Incident Summary:
During the incident window, one or more interfaces participating in a Link Aggregation Group (LAG) experienced instability due to intermittent link state changes - commonly referred to as interface flapping. This behaviour caused the affected interfaces to rapidly transition between up and down states.
Root Cause:
The flapping condition was caused by a degraded physical link within the LAG. This instability led to repeated link renegotiations, disrupting normal traffic flow and preventing the system from maintaining a stable aggregated interface.
Impact:
The LAG could not consistently deliver or receive traffic due to frequent interface transitions.
MAC address flapping occurred at the switch level, causing instability in the forwarding tables and intermittent packet loss.
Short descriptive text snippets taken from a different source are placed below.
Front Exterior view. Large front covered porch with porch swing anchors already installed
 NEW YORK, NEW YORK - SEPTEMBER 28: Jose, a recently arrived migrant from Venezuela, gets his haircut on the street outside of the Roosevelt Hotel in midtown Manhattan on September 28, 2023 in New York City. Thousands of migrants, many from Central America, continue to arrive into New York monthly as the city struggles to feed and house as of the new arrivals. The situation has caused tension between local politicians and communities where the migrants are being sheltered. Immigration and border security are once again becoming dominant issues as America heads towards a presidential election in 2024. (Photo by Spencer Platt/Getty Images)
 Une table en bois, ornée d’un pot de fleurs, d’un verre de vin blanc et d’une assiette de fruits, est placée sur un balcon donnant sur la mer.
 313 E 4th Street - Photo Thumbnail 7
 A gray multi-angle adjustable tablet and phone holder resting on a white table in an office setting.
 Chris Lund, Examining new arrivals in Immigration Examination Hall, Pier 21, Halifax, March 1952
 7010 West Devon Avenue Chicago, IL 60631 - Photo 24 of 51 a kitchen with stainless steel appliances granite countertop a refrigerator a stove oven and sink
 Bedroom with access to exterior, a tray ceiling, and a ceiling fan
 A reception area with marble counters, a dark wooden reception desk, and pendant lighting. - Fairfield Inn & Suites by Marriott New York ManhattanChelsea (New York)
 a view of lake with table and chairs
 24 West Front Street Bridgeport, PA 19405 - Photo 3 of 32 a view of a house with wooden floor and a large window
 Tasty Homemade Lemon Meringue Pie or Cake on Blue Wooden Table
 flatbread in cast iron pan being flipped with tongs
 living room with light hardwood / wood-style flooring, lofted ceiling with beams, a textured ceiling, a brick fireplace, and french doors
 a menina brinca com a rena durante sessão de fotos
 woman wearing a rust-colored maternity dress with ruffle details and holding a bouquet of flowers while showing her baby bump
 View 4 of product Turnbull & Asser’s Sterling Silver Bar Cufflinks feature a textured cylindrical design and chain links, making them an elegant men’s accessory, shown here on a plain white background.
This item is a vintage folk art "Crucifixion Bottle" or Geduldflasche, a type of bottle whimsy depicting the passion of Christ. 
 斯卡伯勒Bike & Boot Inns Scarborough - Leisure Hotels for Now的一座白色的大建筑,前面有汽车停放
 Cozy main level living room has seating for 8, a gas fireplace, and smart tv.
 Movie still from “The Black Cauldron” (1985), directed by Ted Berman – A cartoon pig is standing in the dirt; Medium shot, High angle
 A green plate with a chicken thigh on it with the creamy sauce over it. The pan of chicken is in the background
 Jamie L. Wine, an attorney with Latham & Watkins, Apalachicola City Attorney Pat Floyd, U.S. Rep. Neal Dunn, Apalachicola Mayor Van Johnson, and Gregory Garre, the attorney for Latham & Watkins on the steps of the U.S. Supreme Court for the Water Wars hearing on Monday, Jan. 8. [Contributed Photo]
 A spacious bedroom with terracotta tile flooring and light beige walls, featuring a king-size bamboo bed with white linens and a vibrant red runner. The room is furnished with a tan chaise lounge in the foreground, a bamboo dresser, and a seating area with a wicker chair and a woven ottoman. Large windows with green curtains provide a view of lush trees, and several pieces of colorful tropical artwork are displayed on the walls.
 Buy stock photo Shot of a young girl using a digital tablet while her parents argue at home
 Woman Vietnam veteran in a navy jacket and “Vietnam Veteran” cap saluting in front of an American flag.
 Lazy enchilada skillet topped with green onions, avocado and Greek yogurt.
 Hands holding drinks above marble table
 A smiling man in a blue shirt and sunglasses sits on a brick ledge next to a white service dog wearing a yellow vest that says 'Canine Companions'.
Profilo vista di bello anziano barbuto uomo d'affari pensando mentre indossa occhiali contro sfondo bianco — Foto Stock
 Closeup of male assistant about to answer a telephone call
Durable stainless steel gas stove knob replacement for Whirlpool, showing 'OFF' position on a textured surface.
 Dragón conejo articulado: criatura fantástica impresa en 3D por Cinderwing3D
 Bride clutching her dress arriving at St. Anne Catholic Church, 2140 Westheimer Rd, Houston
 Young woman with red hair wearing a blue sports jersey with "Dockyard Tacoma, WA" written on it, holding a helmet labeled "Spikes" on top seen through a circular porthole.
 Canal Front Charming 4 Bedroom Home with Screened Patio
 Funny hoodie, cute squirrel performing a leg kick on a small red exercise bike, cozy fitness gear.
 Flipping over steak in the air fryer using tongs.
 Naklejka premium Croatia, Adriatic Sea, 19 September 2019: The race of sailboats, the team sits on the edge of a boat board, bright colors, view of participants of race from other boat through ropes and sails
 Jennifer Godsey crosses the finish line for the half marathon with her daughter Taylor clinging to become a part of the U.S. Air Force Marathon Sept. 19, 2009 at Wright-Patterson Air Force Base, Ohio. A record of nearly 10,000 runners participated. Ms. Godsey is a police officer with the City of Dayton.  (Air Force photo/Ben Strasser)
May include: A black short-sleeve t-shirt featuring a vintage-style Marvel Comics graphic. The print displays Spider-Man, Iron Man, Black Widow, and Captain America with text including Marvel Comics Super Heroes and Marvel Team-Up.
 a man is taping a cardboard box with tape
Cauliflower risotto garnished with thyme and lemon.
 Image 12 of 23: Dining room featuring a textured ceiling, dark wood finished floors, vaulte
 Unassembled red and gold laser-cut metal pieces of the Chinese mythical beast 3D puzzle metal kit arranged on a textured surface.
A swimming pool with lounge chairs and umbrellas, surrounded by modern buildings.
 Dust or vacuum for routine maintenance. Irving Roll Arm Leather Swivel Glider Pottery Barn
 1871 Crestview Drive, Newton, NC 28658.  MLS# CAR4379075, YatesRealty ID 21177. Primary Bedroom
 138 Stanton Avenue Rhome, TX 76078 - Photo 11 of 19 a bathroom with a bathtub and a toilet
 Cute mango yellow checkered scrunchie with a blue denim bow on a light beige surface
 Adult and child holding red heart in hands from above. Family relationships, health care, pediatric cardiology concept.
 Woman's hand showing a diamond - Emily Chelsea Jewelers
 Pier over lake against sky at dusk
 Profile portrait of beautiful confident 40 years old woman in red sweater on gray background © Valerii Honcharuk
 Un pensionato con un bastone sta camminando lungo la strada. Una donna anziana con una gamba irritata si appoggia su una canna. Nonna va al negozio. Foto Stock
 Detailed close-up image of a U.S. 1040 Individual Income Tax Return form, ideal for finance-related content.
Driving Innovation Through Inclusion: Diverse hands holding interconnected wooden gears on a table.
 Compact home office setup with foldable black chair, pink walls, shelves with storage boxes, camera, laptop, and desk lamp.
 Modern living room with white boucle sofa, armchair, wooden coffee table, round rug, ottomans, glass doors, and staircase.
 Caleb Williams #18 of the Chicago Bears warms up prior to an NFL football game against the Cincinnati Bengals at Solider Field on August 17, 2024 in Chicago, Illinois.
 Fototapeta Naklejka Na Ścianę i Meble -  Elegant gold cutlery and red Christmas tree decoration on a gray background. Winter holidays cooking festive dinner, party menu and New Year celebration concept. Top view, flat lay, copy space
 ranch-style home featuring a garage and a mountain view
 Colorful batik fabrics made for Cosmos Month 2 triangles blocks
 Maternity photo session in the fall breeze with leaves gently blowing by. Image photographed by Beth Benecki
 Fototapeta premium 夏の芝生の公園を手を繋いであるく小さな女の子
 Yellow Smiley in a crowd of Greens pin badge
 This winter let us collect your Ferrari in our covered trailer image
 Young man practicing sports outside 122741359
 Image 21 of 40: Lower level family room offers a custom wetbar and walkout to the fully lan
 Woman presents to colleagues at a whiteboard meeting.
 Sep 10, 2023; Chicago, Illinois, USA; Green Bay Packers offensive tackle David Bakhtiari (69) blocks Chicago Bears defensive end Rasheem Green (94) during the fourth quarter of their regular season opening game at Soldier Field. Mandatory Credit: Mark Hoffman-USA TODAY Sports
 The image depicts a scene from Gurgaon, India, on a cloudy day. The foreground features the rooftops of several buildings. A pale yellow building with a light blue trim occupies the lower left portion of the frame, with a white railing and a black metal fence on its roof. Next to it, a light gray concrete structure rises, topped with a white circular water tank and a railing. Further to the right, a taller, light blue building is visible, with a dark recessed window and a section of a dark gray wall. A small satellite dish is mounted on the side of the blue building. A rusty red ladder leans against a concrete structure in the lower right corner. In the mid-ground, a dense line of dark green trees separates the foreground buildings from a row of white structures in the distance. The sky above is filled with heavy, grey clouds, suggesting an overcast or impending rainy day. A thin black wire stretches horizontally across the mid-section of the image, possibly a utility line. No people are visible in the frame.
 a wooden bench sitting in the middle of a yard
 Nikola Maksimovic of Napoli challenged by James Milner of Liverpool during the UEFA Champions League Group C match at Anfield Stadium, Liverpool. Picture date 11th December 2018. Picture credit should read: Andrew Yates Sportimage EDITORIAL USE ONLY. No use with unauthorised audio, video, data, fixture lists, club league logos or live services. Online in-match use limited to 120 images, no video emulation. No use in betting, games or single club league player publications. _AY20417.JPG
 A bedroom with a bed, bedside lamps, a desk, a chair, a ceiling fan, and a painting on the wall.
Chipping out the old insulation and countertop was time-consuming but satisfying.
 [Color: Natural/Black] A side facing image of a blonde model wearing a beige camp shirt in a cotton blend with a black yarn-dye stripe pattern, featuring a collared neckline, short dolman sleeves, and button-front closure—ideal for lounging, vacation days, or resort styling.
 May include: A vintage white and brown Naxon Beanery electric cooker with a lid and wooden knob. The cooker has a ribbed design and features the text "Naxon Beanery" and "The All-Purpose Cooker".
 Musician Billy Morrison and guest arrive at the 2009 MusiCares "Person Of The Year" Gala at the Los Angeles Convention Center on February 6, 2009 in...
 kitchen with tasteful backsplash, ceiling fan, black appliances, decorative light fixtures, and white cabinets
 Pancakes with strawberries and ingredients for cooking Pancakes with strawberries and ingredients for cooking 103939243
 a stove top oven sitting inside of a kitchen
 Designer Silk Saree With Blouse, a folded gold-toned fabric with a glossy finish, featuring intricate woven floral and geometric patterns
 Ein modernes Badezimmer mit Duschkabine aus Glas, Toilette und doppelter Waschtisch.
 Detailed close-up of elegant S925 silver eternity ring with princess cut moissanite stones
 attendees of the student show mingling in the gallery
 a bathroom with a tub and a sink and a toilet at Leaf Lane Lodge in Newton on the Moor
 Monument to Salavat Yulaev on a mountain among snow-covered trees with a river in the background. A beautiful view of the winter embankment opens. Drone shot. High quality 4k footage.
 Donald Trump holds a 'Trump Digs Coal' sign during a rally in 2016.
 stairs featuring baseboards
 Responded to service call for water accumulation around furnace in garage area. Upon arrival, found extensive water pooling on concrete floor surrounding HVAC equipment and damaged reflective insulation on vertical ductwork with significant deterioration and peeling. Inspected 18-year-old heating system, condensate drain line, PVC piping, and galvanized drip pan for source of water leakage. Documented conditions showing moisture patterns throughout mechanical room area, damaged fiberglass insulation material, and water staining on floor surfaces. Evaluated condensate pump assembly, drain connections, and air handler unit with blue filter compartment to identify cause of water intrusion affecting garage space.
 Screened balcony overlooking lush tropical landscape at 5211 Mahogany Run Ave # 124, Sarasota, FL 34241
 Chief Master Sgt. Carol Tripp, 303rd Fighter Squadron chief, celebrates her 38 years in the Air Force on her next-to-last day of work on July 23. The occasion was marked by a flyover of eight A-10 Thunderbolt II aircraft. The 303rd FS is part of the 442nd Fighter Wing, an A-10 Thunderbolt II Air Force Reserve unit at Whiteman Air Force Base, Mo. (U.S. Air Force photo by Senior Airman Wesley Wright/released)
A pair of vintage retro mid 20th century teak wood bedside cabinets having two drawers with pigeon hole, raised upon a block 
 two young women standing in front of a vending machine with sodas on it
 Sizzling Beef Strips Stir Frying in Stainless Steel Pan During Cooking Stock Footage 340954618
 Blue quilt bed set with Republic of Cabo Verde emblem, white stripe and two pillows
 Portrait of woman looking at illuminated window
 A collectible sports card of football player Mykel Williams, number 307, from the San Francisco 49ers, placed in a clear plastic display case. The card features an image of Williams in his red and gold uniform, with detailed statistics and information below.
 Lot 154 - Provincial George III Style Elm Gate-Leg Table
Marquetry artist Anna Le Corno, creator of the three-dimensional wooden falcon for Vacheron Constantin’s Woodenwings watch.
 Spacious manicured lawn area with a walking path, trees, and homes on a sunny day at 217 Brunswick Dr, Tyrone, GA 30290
Although firewall state synchronisation and heartbeat traffic were handled by a separate, unaffected LAG, the affected LAG was responsible for distribution network connectivity. Its failure caused a complete service outage, as traffic could not be routed correctly through the firewall cluster despite the HA state remaining intact.
An issue connecting to our remote OOB management system delayed our engineering response to this incident.
Remedial Actions:
The faulty physical link was isolated, and both the optical transceivers and cables were replaced to restore stable connectivity. Behaviours observed during the incident are currently under review by our engineering team to fully understand the contributing factors, particularly the firewall cluster’s response to the external-facing LAG failure.
We will be issuing a follow-up scheduled maintenance window to reduce the likelihood of recurrence. This will include a review of HA link monitoring configurations, firewall failover logic, and an audit of all LAGs across redundant systems to ensure they are functionally isolated, resilient, and correctly monitored.
This issue is isolated from the incident on Thursday 3rd April which is currently being reviewed by Juniper TAC.